Prompt Engineering: from instruction to context

Writing prompts is less about commanding a model and more about setting the stage. Roles, goals, and constraints matter more than clever wording.

When I first started working with large language models, I thought prompts were simple. State the question, get an answer. After a year of trial and error, I now think of prompts the way a director thinks of a scene: every word frames what the model is about to perform.

The shift happened slowly. I'd write a prompt, get something almost-right, edit it, get something else almost-right. Eventually I noticed a pattern: the prompts that worked weren't the cleverest ones. They were the ones that told the model who it was, who it was speaking to, and what success looked like.

From instruction to context

An instruction tells the model what to do. A context tells the model who it is and what the world around the task looks like. The difference sounds small but compounds quickly.

My habit now: write three lines of context before the task itself. Who the assistant is. Who it's helping. What kind of answer counts as good. Then I write the task. Then I show one ideal example. The prompt is longer, but it doesn't need rewriting.

You're not commanding the model — you're shrinking its possibility space.

The hidden cost of being clever

Clever prompts feel impressive when they work and embarrassing when they don't. They tend to rely on tricks: jailbreaks, role-play hacks, exotic phrasings. The trouble is that tricks are brittle. The next model update breaks them. The next user with a slightly different question breaks them.

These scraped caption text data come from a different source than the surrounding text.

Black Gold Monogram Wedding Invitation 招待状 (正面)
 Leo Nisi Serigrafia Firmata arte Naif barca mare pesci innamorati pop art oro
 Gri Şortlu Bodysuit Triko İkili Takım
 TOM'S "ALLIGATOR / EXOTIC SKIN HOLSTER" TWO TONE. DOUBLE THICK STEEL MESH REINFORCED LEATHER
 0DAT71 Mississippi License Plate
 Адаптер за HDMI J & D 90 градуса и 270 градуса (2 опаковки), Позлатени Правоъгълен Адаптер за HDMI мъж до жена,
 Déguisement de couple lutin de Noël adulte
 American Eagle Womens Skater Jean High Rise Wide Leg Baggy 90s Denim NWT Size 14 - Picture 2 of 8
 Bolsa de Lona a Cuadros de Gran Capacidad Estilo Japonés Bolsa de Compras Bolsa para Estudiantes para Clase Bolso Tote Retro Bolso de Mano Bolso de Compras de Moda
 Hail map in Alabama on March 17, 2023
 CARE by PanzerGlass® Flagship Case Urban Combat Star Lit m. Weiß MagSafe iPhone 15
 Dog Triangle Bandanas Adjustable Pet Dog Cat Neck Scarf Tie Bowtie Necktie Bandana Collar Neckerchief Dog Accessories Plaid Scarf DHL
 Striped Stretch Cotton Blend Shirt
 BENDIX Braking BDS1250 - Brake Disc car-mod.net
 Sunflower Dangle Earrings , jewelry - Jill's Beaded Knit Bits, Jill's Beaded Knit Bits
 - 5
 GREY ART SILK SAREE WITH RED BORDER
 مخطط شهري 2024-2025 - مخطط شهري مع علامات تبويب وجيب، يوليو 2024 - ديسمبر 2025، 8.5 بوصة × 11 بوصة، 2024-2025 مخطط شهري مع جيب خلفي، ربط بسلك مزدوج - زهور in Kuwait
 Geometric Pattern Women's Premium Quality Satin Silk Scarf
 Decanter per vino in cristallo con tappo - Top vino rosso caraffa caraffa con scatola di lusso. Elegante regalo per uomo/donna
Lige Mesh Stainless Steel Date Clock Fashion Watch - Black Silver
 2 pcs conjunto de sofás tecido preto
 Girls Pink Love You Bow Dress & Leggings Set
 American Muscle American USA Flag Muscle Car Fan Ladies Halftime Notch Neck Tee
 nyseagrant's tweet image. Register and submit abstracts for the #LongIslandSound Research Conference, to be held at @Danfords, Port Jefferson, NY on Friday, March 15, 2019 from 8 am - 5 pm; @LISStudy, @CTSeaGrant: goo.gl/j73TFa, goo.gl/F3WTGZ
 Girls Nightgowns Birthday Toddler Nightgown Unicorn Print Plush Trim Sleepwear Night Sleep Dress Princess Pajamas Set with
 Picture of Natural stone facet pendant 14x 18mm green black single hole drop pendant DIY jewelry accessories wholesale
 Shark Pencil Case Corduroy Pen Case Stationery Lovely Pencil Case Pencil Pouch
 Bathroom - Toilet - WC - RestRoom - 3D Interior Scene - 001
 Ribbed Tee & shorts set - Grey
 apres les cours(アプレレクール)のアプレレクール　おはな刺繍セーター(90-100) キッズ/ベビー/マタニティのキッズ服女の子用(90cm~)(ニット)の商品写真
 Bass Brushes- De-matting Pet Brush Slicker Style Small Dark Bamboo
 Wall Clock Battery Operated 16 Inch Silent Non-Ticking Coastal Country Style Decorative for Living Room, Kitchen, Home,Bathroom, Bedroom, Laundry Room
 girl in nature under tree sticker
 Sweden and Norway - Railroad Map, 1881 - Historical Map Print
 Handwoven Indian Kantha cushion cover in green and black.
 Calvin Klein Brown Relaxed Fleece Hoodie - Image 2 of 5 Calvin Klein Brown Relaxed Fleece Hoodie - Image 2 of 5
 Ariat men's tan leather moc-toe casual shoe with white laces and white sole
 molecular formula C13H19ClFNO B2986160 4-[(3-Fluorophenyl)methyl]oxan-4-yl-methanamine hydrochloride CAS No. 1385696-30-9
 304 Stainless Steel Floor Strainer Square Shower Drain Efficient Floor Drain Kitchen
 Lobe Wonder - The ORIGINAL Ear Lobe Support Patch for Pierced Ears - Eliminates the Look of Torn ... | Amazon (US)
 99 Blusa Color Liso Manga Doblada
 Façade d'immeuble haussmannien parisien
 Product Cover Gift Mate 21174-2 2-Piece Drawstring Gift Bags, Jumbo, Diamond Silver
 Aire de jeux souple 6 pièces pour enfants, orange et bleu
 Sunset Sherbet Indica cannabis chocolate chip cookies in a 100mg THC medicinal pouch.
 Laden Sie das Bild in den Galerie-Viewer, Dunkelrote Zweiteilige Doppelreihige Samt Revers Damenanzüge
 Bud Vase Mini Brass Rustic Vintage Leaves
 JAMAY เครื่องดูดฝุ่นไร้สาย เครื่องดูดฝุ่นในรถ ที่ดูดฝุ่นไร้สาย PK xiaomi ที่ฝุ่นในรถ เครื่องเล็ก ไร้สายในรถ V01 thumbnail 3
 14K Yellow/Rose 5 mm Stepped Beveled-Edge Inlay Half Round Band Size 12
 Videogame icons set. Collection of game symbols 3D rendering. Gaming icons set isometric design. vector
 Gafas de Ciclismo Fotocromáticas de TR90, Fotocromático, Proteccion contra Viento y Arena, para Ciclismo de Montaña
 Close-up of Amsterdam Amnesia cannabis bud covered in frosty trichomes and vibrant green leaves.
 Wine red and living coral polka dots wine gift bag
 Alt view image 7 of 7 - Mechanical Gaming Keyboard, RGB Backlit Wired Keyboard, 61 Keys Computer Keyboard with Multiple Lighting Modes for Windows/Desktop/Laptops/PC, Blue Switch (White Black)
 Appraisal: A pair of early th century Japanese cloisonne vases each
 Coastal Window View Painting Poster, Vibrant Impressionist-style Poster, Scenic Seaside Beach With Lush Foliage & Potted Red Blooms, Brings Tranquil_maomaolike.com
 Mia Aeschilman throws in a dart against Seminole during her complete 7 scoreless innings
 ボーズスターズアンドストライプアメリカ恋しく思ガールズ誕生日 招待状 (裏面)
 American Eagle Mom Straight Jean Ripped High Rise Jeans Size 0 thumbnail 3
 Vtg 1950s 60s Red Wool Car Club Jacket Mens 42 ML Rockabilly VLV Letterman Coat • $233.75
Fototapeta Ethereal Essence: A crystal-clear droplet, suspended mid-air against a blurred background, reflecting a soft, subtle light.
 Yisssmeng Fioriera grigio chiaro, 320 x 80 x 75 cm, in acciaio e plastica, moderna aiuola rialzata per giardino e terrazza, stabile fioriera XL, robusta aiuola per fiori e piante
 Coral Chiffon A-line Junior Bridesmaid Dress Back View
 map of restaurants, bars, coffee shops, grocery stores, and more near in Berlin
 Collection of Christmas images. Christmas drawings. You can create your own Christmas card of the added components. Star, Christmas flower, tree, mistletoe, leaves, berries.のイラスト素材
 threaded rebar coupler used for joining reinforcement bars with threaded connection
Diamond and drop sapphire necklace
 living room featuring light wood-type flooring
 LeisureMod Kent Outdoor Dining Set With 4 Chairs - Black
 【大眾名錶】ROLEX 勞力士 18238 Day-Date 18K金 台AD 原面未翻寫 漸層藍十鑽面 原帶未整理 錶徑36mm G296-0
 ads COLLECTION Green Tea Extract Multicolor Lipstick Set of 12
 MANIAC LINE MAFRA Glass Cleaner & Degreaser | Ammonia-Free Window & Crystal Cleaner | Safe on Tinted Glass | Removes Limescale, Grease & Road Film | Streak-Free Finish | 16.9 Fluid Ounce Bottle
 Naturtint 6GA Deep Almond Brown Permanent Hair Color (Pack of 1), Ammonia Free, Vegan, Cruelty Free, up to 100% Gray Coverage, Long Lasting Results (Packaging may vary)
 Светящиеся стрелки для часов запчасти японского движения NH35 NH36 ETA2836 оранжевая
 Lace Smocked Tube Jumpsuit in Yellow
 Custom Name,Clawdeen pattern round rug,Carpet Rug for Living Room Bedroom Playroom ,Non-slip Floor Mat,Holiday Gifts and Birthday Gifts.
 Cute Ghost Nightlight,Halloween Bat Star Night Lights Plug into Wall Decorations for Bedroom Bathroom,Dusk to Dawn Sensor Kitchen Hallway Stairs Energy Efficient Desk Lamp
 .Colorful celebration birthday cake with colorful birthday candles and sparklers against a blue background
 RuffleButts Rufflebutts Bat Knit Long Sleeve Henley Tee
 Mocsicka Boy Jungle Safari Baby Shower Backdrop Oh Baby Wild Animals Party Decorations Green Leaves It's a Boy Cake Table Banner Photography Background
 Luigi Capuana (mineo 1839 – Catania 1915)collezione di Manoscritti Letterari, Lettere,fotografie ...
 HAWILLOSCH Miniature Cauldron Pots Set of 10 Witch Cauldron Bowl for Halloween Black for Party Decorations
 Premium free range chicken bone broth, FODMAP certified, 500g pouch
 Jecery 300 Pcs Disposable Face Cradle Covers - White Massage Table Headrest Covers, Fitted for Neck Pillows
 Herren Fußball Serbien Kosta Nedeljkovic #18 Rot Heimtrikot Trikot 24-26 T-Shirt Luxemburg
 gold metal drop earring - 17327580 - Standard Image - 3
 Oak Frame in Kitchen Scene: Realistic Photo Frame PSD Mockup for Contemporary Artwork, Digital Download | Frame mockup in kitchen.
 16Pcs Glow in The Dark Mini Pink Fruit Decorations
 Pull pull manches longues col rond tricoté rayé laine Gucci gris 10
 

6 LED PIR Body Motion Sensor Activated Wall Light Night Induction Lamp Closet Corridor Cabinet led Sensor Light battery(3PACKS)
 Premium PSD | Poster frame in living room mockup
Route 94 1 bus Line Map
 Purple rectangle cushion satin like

Context, by contrast, ages well. A clear description of the task survives model upgrades because it's not exploiting any particular model's quirks — it's describing the problem.

What I would tell myself a year ago

Stop optimizing the verb. Don't agonize over whether to write "summarize", "distill", or "compress". The model knows what you mean. What it doesn't know is who the summary is for, how long it should be, and what level of detail to keep. Tell it those things.

Write the prompt you wish someone had given you on your first day at the job.

I'm still learning. Some weeks I revert to one-liners and remember why I stopped. But the pattern keeps coming back: when in doubt, give the model more context, not more cleverness.